● Task requirements:
Using the records that appear below, write out exactly the lines from the one with "Cloud object storage" through the one with "Courbe de l'humidex pour Fisterra", keeping both end lines.

━━━ Records for the exercise

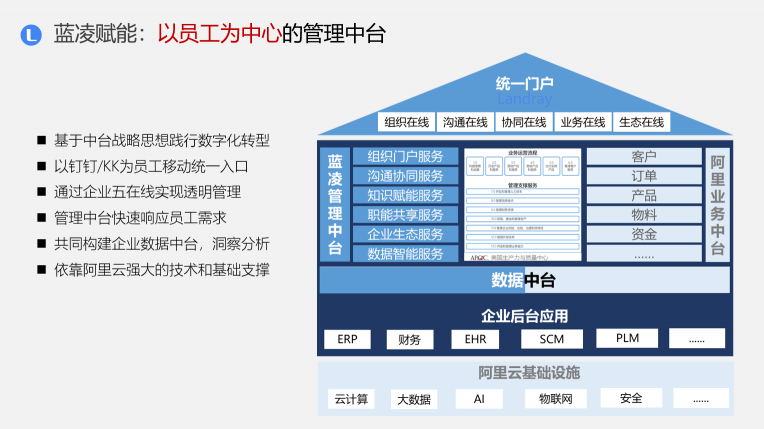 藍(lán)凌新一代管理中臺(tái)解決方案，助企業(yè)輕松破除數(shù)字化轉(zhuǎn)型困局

━━━━━━
━━━ Records for the exercise

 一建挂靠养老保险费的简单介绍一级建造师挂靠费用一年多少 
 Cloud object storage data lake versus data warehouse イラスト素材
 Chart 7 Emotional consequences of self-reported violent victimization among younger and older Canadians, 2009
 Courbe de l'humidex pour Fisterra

━━━━━━

● Expected answer:
 Cloud object storage data lake versus data warehouse イラスト素材
 Chart 7 Emotional consequences of self-reported violent victimization among younger and older Canadians, 2009
 Courbe de l'humidex pour Fisterra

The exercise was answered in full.